As the scale of funds being pulled out of Russia became clearer this week, market speculation has increased that the government may have to impose some form of capital control to halt the flight of investment.
The outflows are likely to reach $65-70 billion, much higher than previous estimates, according to Andrei Klepach, the deputy economy minister. The Bank of Russia last week ruled out capital controls "at this time."
(Read more: Russia set for $70 billion of capital outflows)
Controls on the free flow of capital are usually imposed by emerging economies at great risk of losing investment flows because of an economic crisis. They can mean everything from limiting how much money can be moved out of a country to higher taxes on investments outside the country.
In recent years, countries which have employed capital controls to deal with investment flight include India, Brazil and Thailand.

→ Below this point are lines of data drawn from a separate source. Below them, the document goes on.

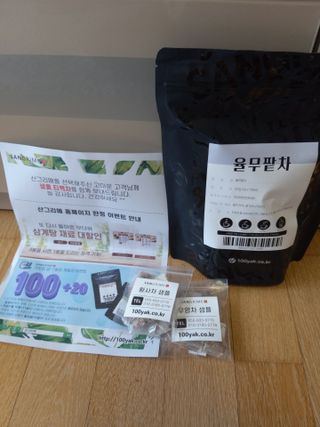 라니님이 올린 리뷰 사진 2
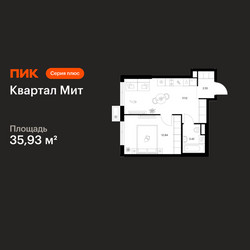 Планировка однокомнатной(квартира) площадью 35.93 квадратных метров в ЖК “Квартал Мит”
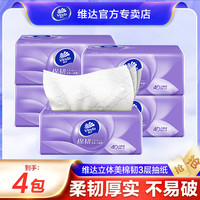 维达 立体美系列 抽纸 3层90抽4包(200*135mm)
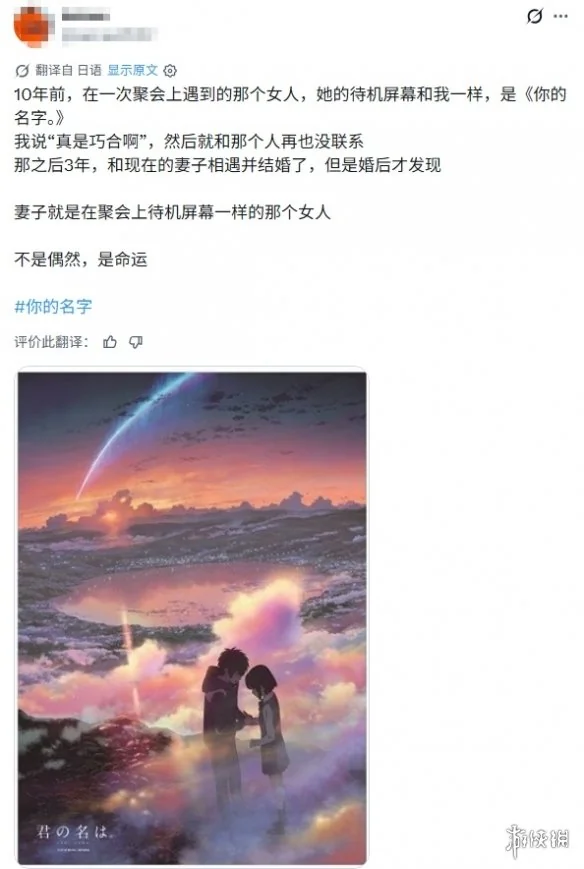 《你的名字》十周年炸出网友比电影还离谱的现实情节｜高清图片集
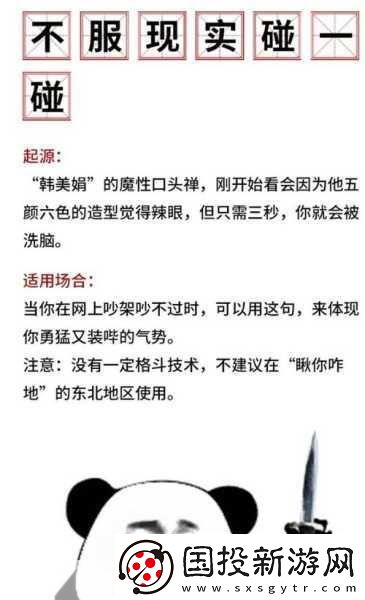 吃瓜黑料：吃瓜群眾目睹明星背后的黑料真相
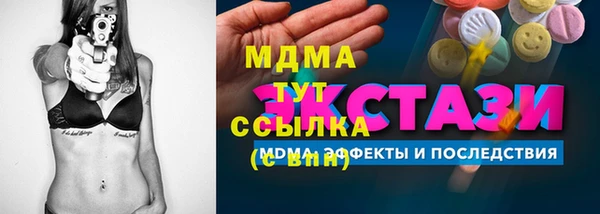 метамфетамин Гусиноозёрск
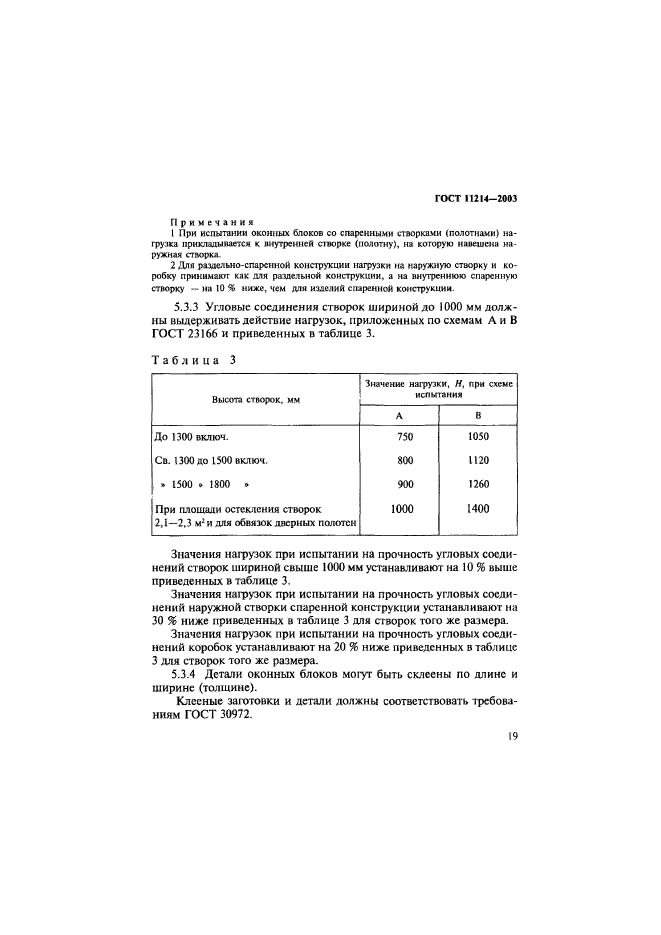 Страница 19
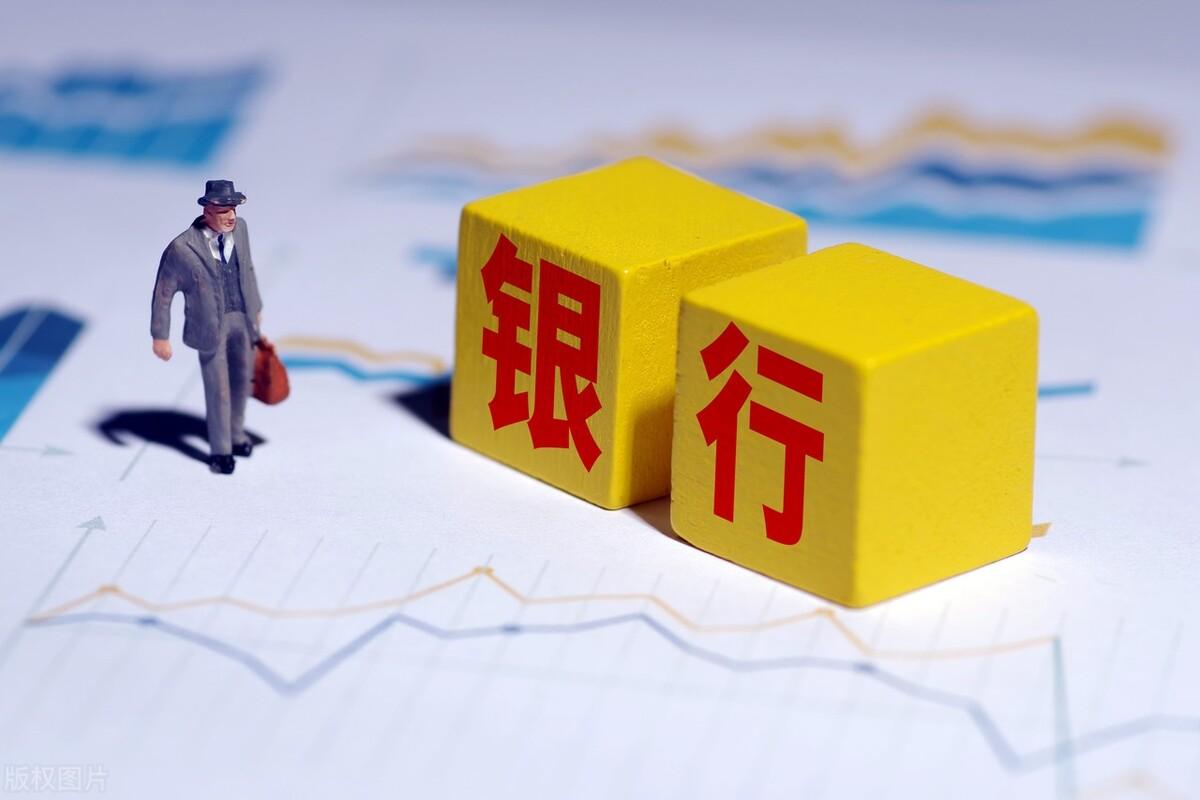 贷款网上申请需要什么材料(银行贷款除了线下申请之外,选对产品和方式才是通过的关键)(图1) 贷款网上申请需要什么材料(银行贷款除了线下申请之外,选对产品和方式才是通过的关键)(图1)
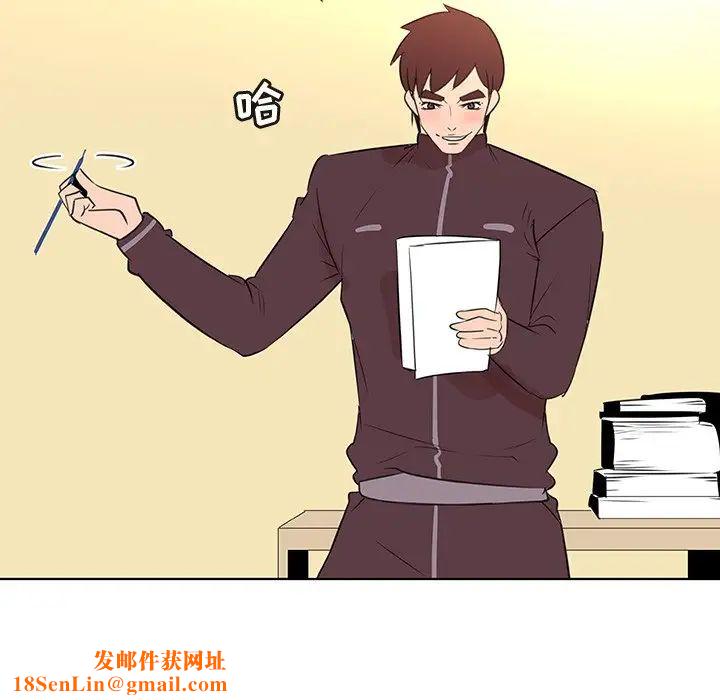 我的老婆是模特第25话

While it is possible Russia may employ similar tools if capital outflow continues to worsen, most economists and analysts are discounting it at the moment.
"They know that this will undermine the real economy ultimately," Tim Ash, head of emerging markets research at Standard Bank, told CNBC. "Russians are clever at devising schemes to get around this kind of thing," he added.
(Read more: Russian sanctions: Who's losing so far)
There are very good economic reasons not to impose capital controls. Most immediately, the flow of money out of the country is likely to accelerate if investors suspect something like this is in the offing.
And for Russia in the medium term, it needs foreign capital to keep the economy on track as it looks to move towards a current account deficit (where imports outweigh exports).
"With Russia's current account surplus on course to swing into a deficit, it will need to attract foreign capital in order to sustain this deficit – and of course, it would not be able to do that if capital controls are in place," Liza Ermolenko, emerging markets economist at Capital Economics, told CNBC.
"The costs in the long-term would be substantial."
(Read more: Sanctions may spoil Russia's Crimean party)
"It's very unlikely and a real worst case scenario," Charles Robertson, global chief economist at Russian investment bank Renaissance Capital, told CNBC.
"During the global financial crisis, they were losing about $150 billion quarterly. This time, it's less than half that and it's probably largely over."
Ironically, the weakening pressure on the rouble, and the subsequent likely boost to exports, should help Russia stick to its current position, Robertson believes.
"They can afford to bail out Crimea thanks to the market weakening the rouble," he argued.